By Natalie Mortimer, N/A

April 1, 2016 | 6 min read

This week Pepsi launched a new craft cola brand in the US named Pepsi 1893, a premium craft drink to appeal to millennial drinkers who are more focused on heritage and provenance, at a time when brands are experiencing a long-term decline in sales of the fizzy stuff.

Consisting of two craft beverages – 1983 Original Cola and 1983 Ginger Cola – the drinks are named after the year when Pepsi was founded and their ingredients include Kola nuts, fairtrade sugar and sparkling water, which are some of the original cola ingredients. The drinks are another arsenal in Pepsi’s craft portfolio: in 2014 the company introduced Caleb’s Cola, a naturally sweetened drink named after Pepsi founder Caleb Bradham.

Unusually, the new 1893 brand is targeted at consumers frequenting bars.

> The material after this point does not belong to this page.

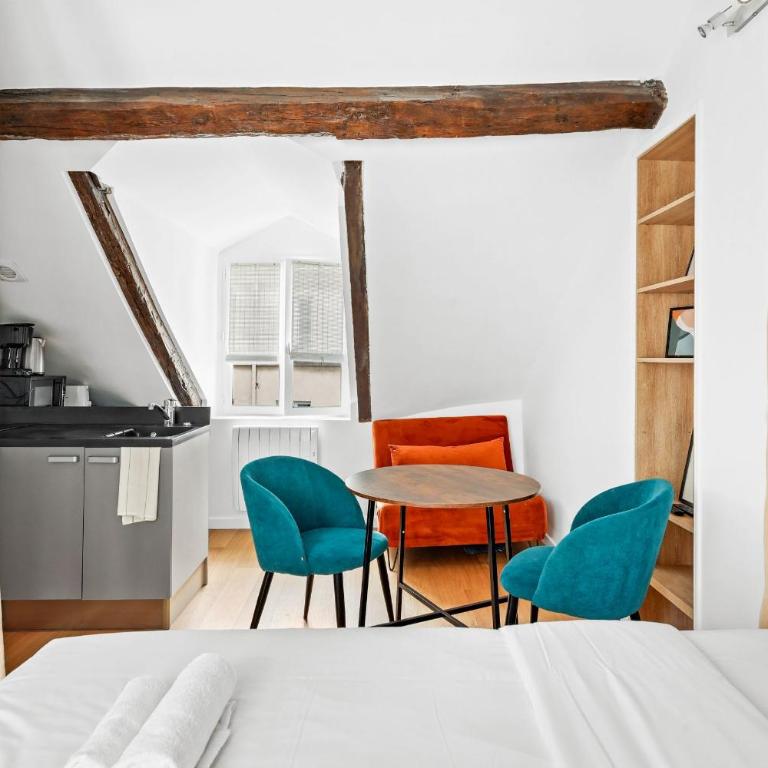 Charmant 2 pieces avec vue imprenable sur la ville - Appartement - 5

In a video posted on Pepsi’s Twitter feed, the drinks are shown being served by a barman in a slick cocktail bar, in a nod to healthier drinking trends and the rise in appetite for premium products.

The range will debut in a TV ad across the US in April and features a ‘Soda Sommelier’ played by actor Jeff Galfer. "We were energised by the food revolution, and inspired by consumer interest in bold and interesting taste combinations," Chad Stubbs, the brand's vice-president of marketing, said in a press release yesterday (31 March).

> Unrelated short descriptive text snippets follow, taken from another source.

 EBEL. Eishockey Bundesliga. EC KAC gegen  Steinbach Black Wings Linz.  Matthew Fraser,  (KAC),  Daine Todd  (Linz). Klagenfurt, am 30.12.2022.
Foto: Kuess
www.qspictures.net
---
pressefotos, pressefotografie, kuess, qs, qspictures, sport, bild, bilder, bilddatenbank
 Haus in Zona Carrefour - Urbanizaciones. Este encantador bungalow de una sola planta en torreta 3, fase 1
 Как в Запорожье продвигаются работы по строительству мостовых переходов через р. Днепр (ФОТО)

According to a Mintel study released last year, six in 10 consumers are willing to pay more for premium non-alcoholic soft drinks that have a clear difference in taste to cheaper alternatives. It also showed that over half (54 per cent) of craft drinkers find ‘natural’ or ‘real’ attributes most appealing or important. In the US, ‘natural’ beverages are growing 12.7 per cent annually according to Nielsen Databank.

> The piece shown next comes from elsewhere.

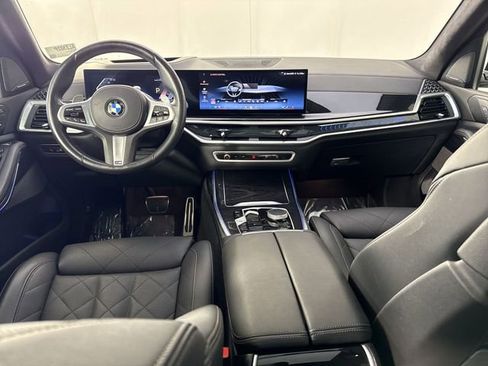 Used 2026 BMW X7 xDrive40i AWD/4WD image 23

Pepsi isn’t alone in its craft beverage endeavours. In June last year Coca-Cola acquired Hansen’s and Blue Sky’s ‘natural beverages’ as part of a play by its newly formed craft beverages team, a move that Jeremy Faa, senior vice-president and general manager for craft beverages at Coca-Cola said comes as “Consumers today, especially millennials, want products that are new and different and reflect their lifestyles. They want to know how their beverages are made and where the ingredients come from, and they want to embrace both the founder’s story and the brand’s personality”.

The deal has benefits for both sides: Hansen’s can enjoy the marketing muscle and reach of Coke, while the latter is able to benefit from Hansen’s followers who enjoy drinks with natural ingredients.

“Craft feels a little bit like a luxury and comes with the popularity inevitably driven by exclusivity and limited reach,” Jane Bloomfield, head of UK marketing at Millward Brown told The Drum. “It's classic disruption – small players doing little things. Craft brands may not always drive a lot of volume, [Beverage Digest estimates that craft fizzy drinks only have one per cent share of the US soda market] at least not yet. But they're an early warning that something is in the air, which of course leads to the bigger players watching with interest!

“While some may take some convincing about big brands like PepsiCo producing their own craft versions, it is undeniable that they will produce some interesting flavours and help push forward healthier choices and quality across the whole soft drinks category – which is a great thing.”

The moves by the big players in the drinks industry resonate with the current trend in beer and gin categories, where craft and artisanal brands are fizzing and distilling their way to the top, unlike their conglomerate counterparts who are failing to win over consumers.

“The cola category is experiencing the same change in consumer behaviour as other ‘oligopolistic' categories such as juices, beer and chocolate. A desire for greater authenticity and individuality in categories dominated by a small number of dominant brands," Roger Perowne, managing director at brand consultancy Morar told The Drum.

Jones Soda is one of the most popular craft brands in the US, selling naturally sweetened drinks and zero-calorie fizzy beverages, marketed through quirky campaigns and an innovative labelling technique that incorporates always-changing photos sent in from its consumers. In contrast to its conglomerate counterparts Jones Soda this month reported a 10.9 per cent increase revenue to $2.7m in its fourth quarter. It has also inked a new private label partnership with 7-Eleven and launched a new brand, Lemoncocco.

And it’s not just the US seeing the trend. In the UK Dalston Cola, made in East London, is just one brand waving the craft crest. Launched in 2012 the brand has gone from strength to strength, appearing just last week at a Stella McCartney event in Harrods. Founder Duncan O’Brien told The Drum there are several reasons why consumer appetite for craft soft beverages is popping.

“People - especially young people - are drinking less alcohol but they still want to go out and socialise and that means having a bit of a treat. People are drinking better quality alcohol, and increasingly don't want to mix a premium spirit with decidedly non-premium mixers. There also seems to be an amazing generation of hyper-creative bartenders pushing ever creative cocktails.”

So with the likes of Pepsi and Coca-Cola hopping on the trend, is O’Brien worried about conglomerates getting in on the craft movement as we’ve seen in the beer industry?

“No, squaring up to the large companies was part of the motivation to start making Dalston Cola; they seem to be making it easier by popping their toes in the craft puddle before it's even become a pond.

“Personally I think the soft drinks market is not quite going to go the same way as it has with craft beer, but you can't blame them for getting nervous and sticking out a product launch or two. I think what Coca-Cola is doing with Coke-Life is a bit more interesting than Pepsi's latest launch - which just blatantly co-opts the visual language of craft.”